Great! So we just have to make our $h$ very small and we will get a great histogram, right? Well, not so fast…

Histogram Variance

As is often the case, a lower bias does not come for free. Indeed, if we look at the variance for $N_k$, we get:

\[ \begin{equation} \text{Var}\left[\hat{f}(x)\right] = \text{Var}\left[\frac{N_k}{nh}\right] = \frac{p_k(1 - p_k)}{nh^2} \tag{4} \end{equation} \]

which does not look like good news: to prevent variance from blowing up, it would appear that we have to increase $n$ faster than we decrease $h$, and that the required increase in $n$ becomes more dramatic as $h$ approaches zero.

I say that it would appear to be that way because what happens to variance as we keep $n$ fixed and let $h$ go to zero is not immediately obvious: as we narrow down our bin width $h$, $p_k$, the probability that a point falls in our bin, also decreases towards zero. If $p_k$ manages to compensate the decrease in $h$ somehow, perhaps variance does not blow up after all.

We can solve this mistery by rewriting Eq. (4) and looking at its limit as we let $h \to 0$:

\[ \lim_{h \to 0}\frac{1}{nh}\left(\frac{p_k}{h} - \frac{p_k^2}{h}\right) \]

We know from Eq. (3) that $\lim_{h \to 0}\frac{p_k}{h} = f(x)$, which is a finite non-negative real number. Since $p_k < 1$, we also know that $0 \leq p^{2}_k \leq p_k$, meaning that $\lim_{h\to0}\left(p_k/h - p_k^2/h\right)$ must converge to a non-negative real number as well (limits are linear). This leaves us with $\lim_{h \to 0}\frac{1}{nh}$, which, barring an equivalent increase in $n$, will blow up to $+\infty$. As $h$ tends to zero, therefore, $\text{Var}\left[\hat{f}(x)\right]$ tends to infinity.

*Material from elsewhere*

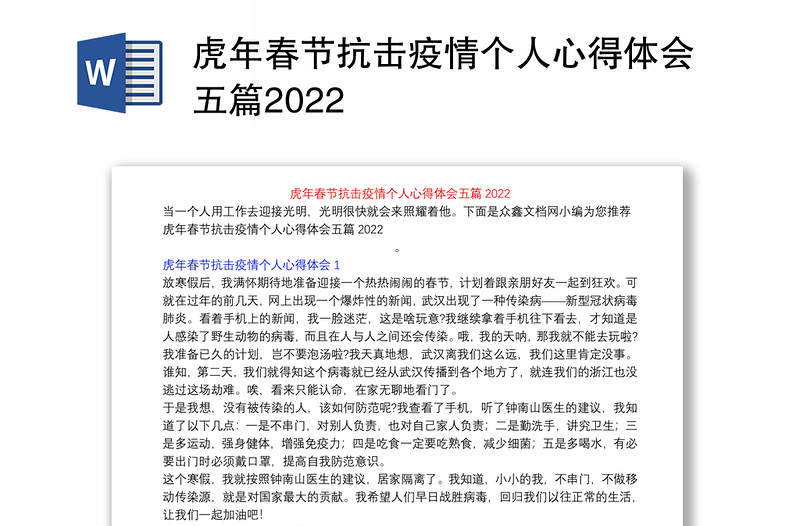 虎年春节抗击疫情个人心得体会五篇2022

We are, therefore, stuck with this fact of life: when using histograms we can either choose to have wide but imprecise (biased) bins, or narrow but unreliable ones.

More on Bias

Another interesting point to consider is the relationship between bin width, bias and the shape of $f$. Clearly, an $f$ which contains narrow peaks will be much harder to approximate with a wide rectangle than an $f$ which is completely flat (think uniform distribution). This intuition can be made formal if we look at the bias equation (Eq. (2)) again, but transform it slightly. Specifically, we will rewrite the term $p_k/h$ in another way.

Recall that Eq. (1) tells us that:

\[ p_k = \int_{t_k}^{t_{k+1}} f(x)\,dx \]

The mean value theorem for definite integrals, then, tells us that if we were to draw a rectangle with base in $A_k = [t_{k}, t_{k+1})$ and make it tall enough so that its area is equal to $p_k$, then its height must be equal to $f(\xi)$ for some $\xi \in A_k$.

The intuition for this is depicted in Fig. 4: if we draw a rectangle with base in $A_k = [t_k, t_{k+1})$ and area $a_k$, we have three options. Either the top side of the rectangle:

is completely under $f(x)$, in which case $a_k < p_k$;
is completely above $f(x)$, in which case $a_k > p_k$;
is neither above nor below $f(x)$, in which case we can pick $t_k \leq \xi < t_{k+1}$, such that $a_k = p_k$.

Figure 4: Mean value theorem for definite integrals.

Recalling that $t_{k+1} - t_{k} = h$, we can therefore say that:

\[ p_k = \int_{t_k}^{t_{k+1}} f(x)\,dx = hf(\xi) \]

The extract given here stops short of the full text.